While studying at American University, Rachel Koretsky found herself going to off-campus gyms to get her daily workouts in. AU's on-site facilities were always packed, and wait times were unbearably long.

That is, until Koretsky launched upace. In the summer after she graduated from AU's Kogod School of Business in 2014, Koretsky traveled to over 30 colleges and universities to chat with students about the problem of campus rec wait times. Whether from small campuses like AU or large state schools like Penn State, students said they all had the same problem with crowded facilities.

Upace launched to take on this problem. The web-based app lets students at partnering schools schedule and reserve a machine in their on-campus facilities. It started at AU and soon added larger campuses, such as Florida State University and Rutgers University, to the expanding client list.

The idea was to always start with university campus facility scheduling, but recently, upace has been rapidly eyeing other clientele for its mobile platform, such as South Florida's nine YMCA locations and two conferences that upace designed custom apps for in 2017.

"From the beginning, my vision was always to expand beyond universities," Koretsky told me in a recent interview. "But I first wanted to tackle the university marketplace. Being a recent graduate, I understood the user perspective and I could easily communicate that with the recreation folks at universities."

In the past few years, upace has found itself following through on Koretsky's original vision. While pitching at a Philadelphia tech meetup in 2016, a member of the YMCA of Greater Brandywine, which includes eight locations across Pennsylvania, saw the demo and approached Koretsky about implementing the technology in all of their facilities. By the summer, they had launched upace's technology platform in a custom app for all of the Greater Brandywine YMCA locations.

This new focus on expanding clientele types brought on what is now known as "upace 2.0," a total app redesign the company announced in early March at the NIRSA conference.

"We're focusing more on the overarching recreation community," Koretsky said. "It's not just about fitness. You can easily add other programs like intramurals or childcare — having all of these other options in the app that way you can give the client the options that they need."

In 2014, Koretsky was in this on her own. She worked out of AU's Entrepreneurship Lab on campus, and she didn't really have a team behind her. Now, peeking at the company's website, upace has not only a CEO and founder, but also a chief technology officer with more than 10 years of experience, and a chief revenue officer with over 20 years in the field. Koretsky said the company is now a core team of five. And the team recently moved into Alley powered by Verizon's D.C. location, growing out of both the AU space and WeWork. All this, while remaining mostly revenue-driven and bootstrapped (except for a small amount of funding from family and friends to get the idea off the ground), and no plans to raise any investment funds.

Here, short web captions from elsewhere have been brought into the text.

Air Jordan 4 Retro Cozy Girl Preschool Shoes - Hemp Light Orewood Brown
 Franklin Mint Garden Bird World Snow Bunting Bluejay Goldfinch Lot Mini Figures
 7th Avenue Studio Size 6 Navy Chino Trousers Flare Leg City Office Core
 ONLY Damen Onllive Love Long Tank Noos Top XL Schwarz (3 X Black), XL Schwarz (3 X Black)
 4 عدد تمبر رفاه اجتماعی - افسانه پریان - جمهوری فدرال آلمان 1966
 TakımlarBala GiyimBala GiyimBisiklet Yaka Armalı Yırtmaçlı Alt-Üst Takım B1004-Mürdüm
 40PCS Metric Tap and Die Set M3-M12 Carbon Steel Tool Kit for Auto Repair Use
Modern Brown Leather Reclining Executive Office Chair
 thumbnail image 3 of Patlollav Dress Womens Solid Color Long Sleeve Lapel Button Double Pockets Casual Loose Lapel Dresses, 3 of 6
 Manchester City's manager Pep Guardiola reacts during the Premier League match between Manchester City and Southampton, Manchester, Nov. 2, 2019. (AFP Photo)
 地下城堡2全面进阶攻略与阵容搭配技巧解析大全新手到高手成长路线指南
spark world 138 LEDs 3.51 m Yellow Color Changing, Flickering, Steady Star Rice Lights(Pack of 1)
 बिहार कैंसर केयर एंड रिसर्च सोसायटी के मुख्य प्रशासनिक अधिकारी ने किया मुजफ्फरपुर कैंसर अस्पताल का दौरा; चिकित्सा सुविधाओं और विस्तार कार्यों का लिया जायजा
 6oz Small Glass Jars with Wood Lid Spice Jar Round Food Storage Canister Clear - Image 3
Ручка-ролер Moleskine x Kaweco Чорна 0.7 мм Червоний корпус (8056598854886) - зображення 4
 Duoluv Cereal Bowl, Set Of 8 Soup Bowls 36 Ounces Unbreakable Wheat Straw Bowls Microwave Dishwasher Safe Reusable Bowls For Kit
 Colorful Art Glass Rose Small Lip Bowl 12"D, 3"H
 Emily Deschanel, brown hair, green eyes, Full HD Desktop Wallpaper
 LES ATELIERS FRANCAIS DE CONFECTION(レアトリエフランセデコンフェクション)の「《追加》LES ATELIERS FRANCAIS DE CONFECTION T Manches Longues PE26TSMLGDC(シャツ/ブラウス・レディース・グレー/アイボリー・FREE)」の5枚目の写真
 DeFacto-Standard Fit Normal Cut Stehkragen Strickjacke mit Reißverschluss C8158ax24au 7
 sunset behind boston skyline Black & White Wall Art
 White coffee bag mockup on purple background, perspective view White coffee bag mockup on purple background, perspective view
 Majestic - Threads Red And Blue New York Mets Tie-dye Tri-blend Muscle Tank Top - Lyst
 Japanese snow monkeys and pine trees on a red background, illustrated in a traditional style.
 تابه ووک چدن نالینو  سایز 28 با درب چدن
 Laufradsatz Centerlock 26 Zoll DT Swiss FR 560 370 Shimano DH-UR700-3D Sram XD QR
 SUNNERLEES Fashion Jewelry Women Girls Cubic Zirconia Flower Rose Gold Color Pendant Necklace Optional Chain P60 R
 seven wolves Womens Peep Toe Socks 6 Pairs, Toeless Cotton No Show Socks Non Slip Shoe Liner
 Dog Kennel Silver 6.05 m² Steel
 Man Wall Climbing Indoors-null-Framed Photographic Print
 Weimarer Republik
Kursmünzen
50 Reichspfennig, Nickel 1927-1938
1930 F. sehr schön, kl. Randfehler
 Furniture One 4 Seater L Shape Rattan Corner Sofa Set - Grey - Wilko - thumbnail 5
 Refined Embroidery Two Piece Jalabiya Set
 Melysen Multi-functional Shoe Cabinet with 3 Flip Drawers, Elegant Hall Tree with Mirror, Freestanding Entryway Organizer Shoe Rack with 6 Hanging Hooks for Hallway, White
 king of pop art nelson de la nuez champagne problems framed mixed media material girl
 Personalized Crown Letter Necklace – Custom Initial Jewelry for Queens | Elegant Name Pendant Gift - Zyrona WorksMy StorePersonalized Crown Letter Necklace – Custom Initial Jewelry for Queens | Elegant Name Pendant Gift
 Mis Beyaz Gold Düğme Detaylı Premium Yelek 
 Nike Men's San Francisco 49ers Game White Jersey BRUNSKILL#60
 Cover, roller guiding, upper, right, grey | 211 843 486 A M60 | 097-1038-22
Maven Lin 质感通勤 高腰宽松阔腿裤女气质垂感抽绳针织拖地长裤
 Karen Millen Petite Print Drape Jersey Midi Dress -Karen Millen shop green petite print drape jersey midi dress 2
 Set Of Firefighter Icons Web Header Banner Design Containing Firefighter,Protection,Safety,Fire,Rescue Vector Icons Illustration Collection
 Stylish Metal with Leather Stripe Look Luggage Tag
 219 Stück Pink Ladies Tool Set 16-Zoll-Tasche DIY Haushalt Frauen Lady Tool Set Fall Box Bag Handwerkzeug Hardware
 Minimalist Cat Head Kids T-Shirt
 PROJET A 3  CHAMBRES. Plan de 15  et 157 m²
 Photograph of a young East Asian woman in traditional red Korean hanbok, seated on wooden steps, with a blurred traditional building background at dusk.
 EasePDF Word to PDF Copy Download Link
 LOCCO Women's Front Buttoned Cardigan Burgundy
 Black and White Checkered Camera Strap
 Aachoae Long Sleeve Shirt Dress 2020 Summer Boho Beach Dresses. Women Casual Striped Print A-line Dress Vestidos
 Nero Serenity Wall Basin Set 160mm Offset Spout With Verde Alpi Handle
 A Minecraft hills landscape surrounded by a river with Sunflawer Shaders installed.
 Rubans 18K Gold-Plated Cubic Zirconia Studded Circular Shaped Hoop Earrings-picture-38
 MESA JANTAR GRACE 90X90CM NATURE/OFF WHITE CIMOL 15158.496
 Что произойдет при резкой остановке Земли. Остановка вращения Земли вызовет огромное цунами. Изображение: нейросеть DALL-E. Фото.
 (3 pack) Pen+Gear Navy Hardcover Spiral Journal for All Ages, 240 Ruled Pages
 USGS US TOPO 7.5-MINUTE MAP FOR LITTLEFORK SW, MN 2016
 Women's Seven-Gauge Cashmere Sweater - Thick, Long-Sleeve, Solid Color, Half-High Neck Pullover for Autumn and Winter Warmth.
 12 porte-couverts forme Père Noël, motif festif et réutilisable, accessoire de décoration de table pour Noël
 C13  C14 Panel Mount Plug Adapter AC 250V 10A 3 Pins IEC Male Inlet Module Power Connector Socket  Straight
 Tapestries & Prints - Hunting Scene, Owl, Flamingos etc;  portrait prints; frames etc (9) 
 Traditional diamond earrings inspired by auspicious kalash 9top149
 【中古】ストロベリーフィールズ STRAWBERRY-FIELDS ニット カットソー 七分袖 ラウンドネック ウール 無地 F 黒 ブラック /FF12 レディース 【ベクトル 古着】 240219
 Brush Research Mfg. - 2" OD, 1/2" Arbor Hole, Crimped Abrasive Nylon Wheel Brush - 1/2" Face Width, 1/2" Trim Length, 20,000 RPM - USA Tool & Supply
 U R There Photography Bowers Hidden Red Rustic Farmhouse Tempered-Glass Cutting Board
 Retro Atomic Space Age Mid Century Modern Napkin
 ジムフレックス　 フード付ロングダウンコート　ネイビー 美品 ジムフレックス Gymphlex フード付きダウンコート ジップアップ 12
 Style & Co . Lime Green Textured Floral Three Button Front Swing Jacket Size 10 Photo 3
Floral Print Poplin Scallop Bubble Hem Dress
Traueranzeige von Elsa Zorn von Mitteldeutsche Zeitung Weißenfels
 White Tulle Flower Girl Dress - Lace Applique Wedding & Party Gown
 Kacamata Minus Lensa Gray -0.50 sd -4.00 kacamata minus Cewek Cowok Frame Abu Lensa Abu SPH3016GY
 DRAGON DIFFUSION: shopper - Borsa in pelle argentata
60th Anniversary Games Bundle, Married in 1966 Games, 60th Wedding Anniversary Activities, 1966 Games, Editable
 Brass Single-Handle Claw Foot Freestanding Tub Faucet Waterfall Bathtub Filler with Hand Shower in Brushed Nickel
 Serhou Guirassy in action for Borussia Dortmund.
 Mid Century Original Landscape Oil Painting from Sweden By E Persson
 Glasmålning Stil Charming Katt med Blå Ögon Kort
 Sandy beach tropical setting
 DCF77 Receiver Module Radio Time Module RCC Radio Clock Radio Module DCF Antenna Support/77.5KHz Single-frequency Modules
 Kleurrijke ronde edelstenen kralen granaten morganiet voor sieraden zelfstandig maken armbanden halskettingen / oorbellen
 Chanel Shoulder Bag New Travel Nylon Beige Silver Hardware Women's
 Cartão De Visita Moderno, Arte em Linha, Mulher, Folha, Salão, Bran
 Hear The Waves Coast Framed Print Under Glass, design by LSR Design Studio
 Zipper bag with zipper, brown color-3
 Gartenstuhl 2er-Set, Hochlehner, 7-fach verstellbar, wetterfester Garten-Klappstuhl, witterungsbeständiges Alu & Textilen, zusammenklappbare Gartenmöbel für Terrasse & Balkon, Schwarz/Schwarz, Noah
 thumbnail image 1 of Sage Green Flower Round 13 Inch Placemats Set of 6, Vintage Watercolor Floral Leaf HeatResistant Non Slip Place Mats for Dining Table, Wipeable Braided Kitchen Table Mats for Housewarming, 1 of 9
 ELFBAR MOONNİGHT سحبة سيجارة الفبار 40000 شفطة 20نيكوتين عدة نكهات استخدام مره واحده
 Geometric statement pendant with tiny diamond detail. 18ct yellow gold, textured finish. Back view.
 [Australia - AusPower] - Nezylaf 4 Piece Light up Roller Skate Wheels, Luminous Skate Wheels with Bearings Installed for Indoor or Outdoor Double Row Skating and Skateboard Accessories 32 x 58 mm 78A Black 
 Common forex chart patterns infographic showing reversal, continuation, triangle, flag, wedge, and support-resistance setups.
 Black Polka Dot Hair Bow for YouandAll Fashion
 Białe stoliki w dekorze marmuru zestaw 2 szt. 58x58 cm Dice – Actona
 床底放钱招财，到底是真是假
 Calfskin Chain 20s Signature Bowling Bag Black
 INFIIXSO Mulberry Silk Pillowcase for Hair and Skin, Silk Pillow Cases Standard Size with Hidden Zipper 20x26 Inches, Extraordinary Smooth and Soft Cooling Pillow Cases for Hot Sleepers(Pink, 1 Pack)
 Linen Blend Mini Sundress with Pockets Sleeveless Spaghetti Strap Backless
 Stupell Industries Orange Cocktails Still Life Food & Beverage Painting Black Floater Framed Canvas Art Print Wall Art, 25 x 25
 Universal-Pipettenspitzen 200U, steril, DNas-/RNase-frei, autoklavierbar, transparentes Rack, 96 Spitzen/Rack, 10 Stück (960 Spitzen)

"We don't want people to see us as just a mobile app. We've become a mobile platform," Koretsky said. "You can use us to manage your center, and in the front-end, give all of your members access through their fingertips."

In upace 2.0, the company completely redesigned the platform — new color schemes, new app functionalities and new, streamlined reservation and notification functionality. In all, the redesign lets facility managers learn from the users' data with real-time data-tracking capabilities.

"We were being proactive on everything at once," Koretsky said. "As we're going into this next phase of scalability, I wanted to make sure we have the best technology that's out there."

Moving forward, upace is focused on remaining an industry leader — keeping their heads down and following through on their vision. Korestsky says most of their competition are companies that are following upace's lead.